🤖 AI Summary
Existing DiT-based video virtual try-on methods struggle to simultaneously model fine-grained garment dynamics and ensure inter-frame background consistency, while their interactive modules incur high computational overhead and are hampered by small-scale, low-quality datasets.
Method: We propose KeyTailor—a novel framework featuring instruction-guided keyframe sampling that injects dynamic and consistency priors from keyframes into a standard DiT without architectural modification—and two dedicated modules: Garment Detail Enhancement and Collaborative Background Optimization, enabling multi-condition latent-space fusion (pose, mask, noise, keyframe).
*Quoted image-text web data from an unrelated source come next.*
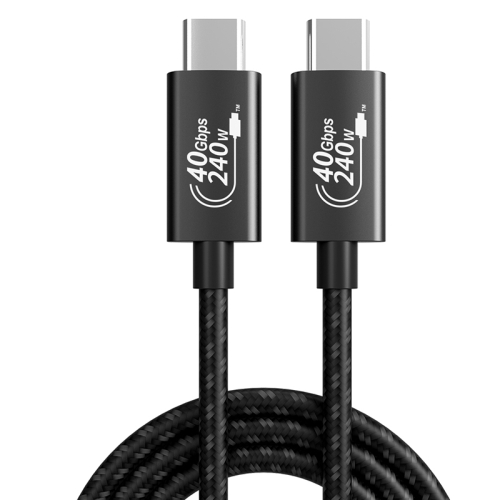 

PD240W 40Gbps Dual Type-C USB4 Compatible Fast Charging Data Cable, Length:1m(Black)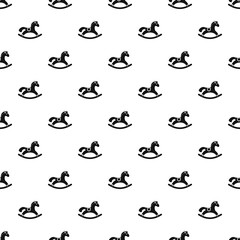 Rocking horse pattern. Simple illustration of rocking horse vector pattern for web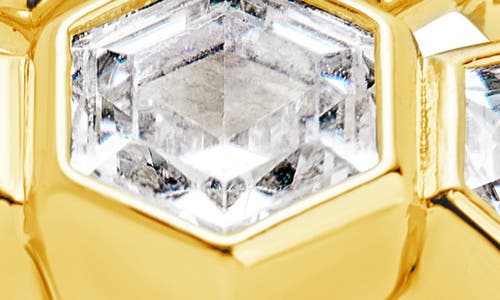 Sterling Forever 14k Plated Cz Set Of 3 Caterina Stacking Rings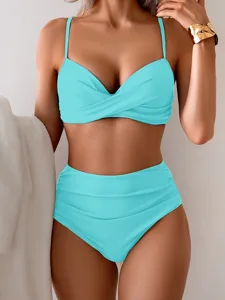 damen-bikini-2-teiliges-badeanzug-rusch-hellblau-5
Contribution/Results: We introduce ViT-HD, the first large-scale, high-definition video virtual try-on dataset (15,070 clips, 810×1080 resolution). Experiments demonstrate state-of-the-art performance across both dynamic and static scenarios, with significant improvements in garment texture fidelity and background integrity, 32% faster inference, and 2.1× accelerated training convergence.
📝 Abstract
Although diffusion transformer (DiT)-based video virtual try-on (VVT) has made significant progress in synthesizing realistic videos, existing methods still struggle to capture fine-grained garment dynamics and preserve background integrity across video frames. They also incur high computational costs due to additional interaction modules introduced into DiTs, while the limited scale and quality of existing public datasets also restrict model generalization and effective training. To address these challenges, we propose a novel framework, KeyTailor, along with a large-scale, high-definition dataset, ViT-HD. The core idea of KeyTailor is a keyframe-driven details injection strategy, motivated by the fact that keyframes inherently contain both foreground dynamics and background consistency. Specifically, KeyTailor adopts an instruction-guided keyframe sampling strategy to filter informative frames from the input video. Subsequently,two tailored keyframe-driven modules, the garment details enhancement module and the collaborative background optimization module, are employed to distill garment dynamics into garment-related latents and to optimize the integrity of background latents, both guided by keyframes.These enriched details are then injected into standard DiT blocks together with pose, mask, and noise latents, enabling efficient and realistic try-on video synthesis. This design ensures consistency without explicitly modifying the DiT architecture, while simultaneously avoiding additional complexity. In addition, our dataset ViT-HD comprises 15, 070 high-quality video samples at a resolution of 810*1080, covering diverse garments. Extensive experiments demonstrate that KeyTailor outperforms state-of-the-art baselines in terms of garment fidelity and background integrity across both dynamic and static scenarios.